Tennessee-based artist Jonathan Edelhuber is committed to restoring that lost sense of joy, vitality, and vibrance to the misinterpreted motif. Warmer Mornings Sharper Nights features thirteen paintings, oil and acrylic, and six sculptures, wood, that celebrate the ecstatic joy of existence. Brightly colored, highly textured, and densely layered, the skulls, rendered in the artist’s signature graphic pop-art style, vibrate with life. Their various expressions evoke feelings often reserved for those with nose cartilage still intact, like delight, amusement, and surprise, and encourage viewers to imagine them laughing, jesting, or conversing. 
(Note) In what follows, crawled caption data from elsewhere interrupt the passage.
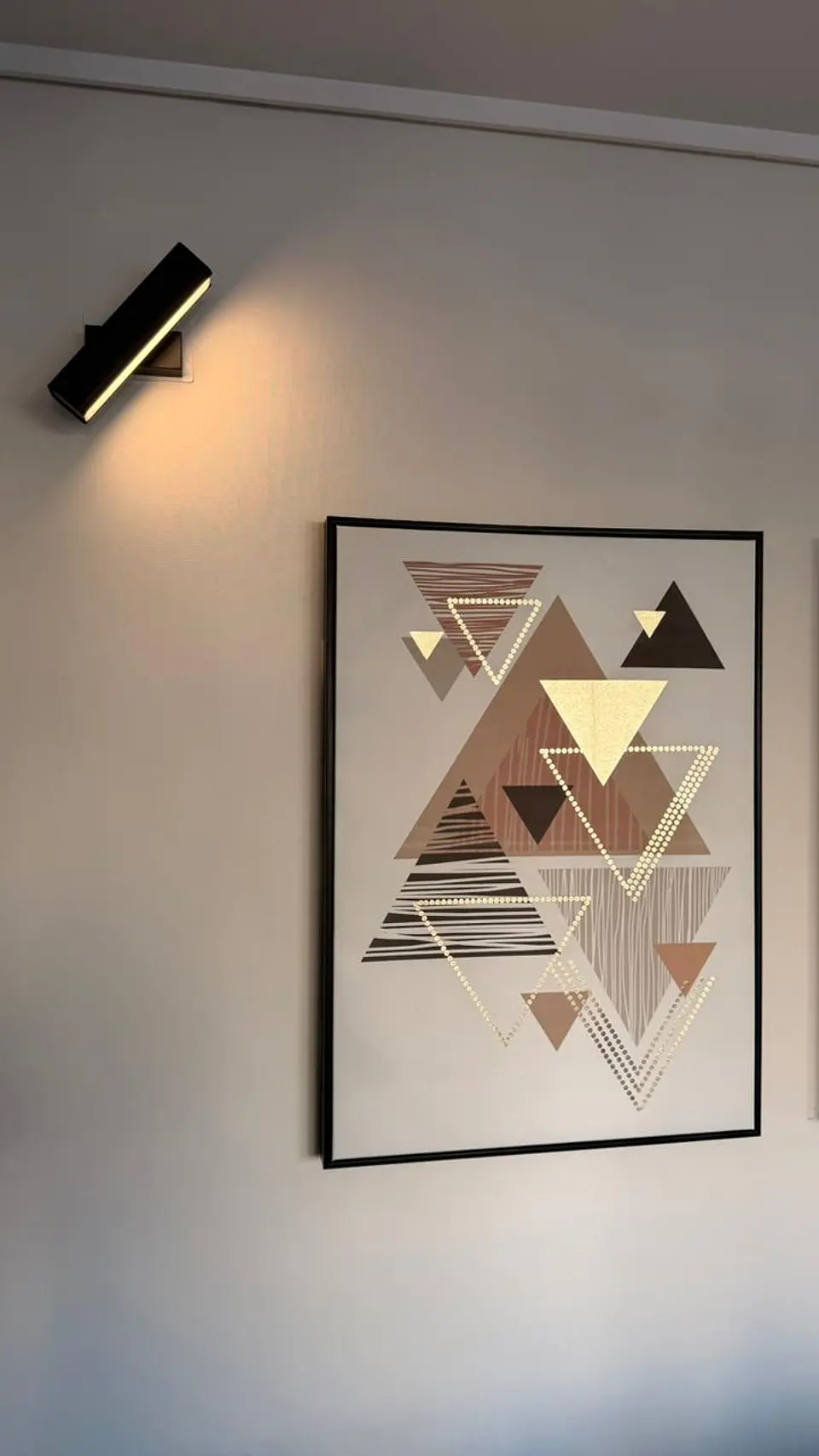 APLIQUE DE PARED NEGRO BLANCO CÁLIDO 10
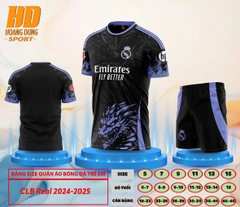 Quần áo bóng đá Trẻ Em Real Madrid 2024/25 (Thun mè Hàn Quốc)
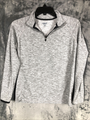 Old Navy Active Womens Gray 1/4 Zip Pullover Sweatshirt Size L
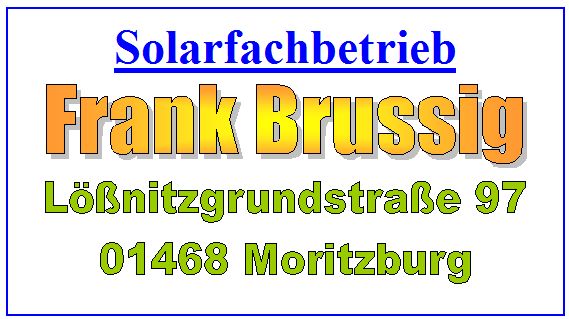 Frank Brussig Solarfachbetrieb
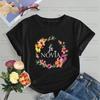 Women T-shirt Casual Ladies Basic O-collar Girl Short Sleeved T-shirts Wedding Party Team Bride Print Bachelorette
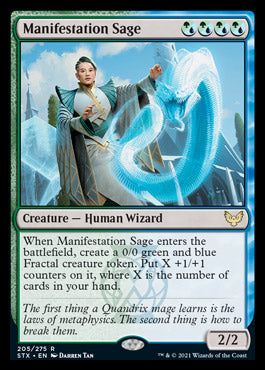 Manifestation Sage [Strixhaven: School of Mages] [Foil]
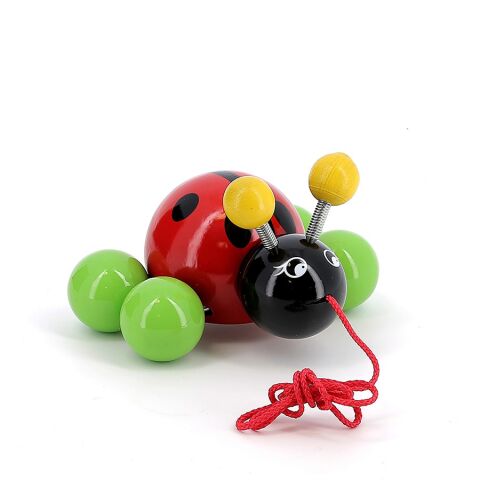 Vilac Wooden pulling ladybug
“There’s so much beauty and happiness in being human. I’m thinking of music, art, food, raising kids, community,” explains Edelhuber. When asked why he’s chosen to neglect the flesh, he cites a desire to strip away identity, to delve beneath gender, race, and class. It’s true, there’s something fundamentally human about the animated, technicolor heads that inspires a fundamental fellow feeling. To see one another as members of the same species with the same anatomical structure, as this exhibition wills us to do, is to see each other first and foremost as humans, with far more in common than not.

Despite the lack of muscle, skin, and hair, the viewer's imagination rushes in to ascribe the skeletal figure's human feelings, gestures, narratives, and, when placed together, relationship dynamics. In Here for a Time, which depicts two skulls angled toward one another, one sees them as leaning in for a kiss or about to butt heads. With the individual portraits, like Burning and Cooling No.2 and Brave New World, their enormous, empty eyes appear to be aimed directly at the viewer, in want of a connection, confrontation, or both.

While Edelhuber may resist the art world's current preoccupation with identity, his distinct style reads like a fingerprint. Florescent colors, robust patterns, and rich textures abound. That the artist’s process is both physical and intuitive is clear from his palpable presence in the paintings. Evidence of erasure, rupture, and addition is indelibly preserved on the canvas’ surfaces affording the works not only a spatial depth but a temporal one as well.  Each painting or sculpture reveals a different stage of its creation, from blunt, flat strokes and splatters to robust finishes and scraped-down layers.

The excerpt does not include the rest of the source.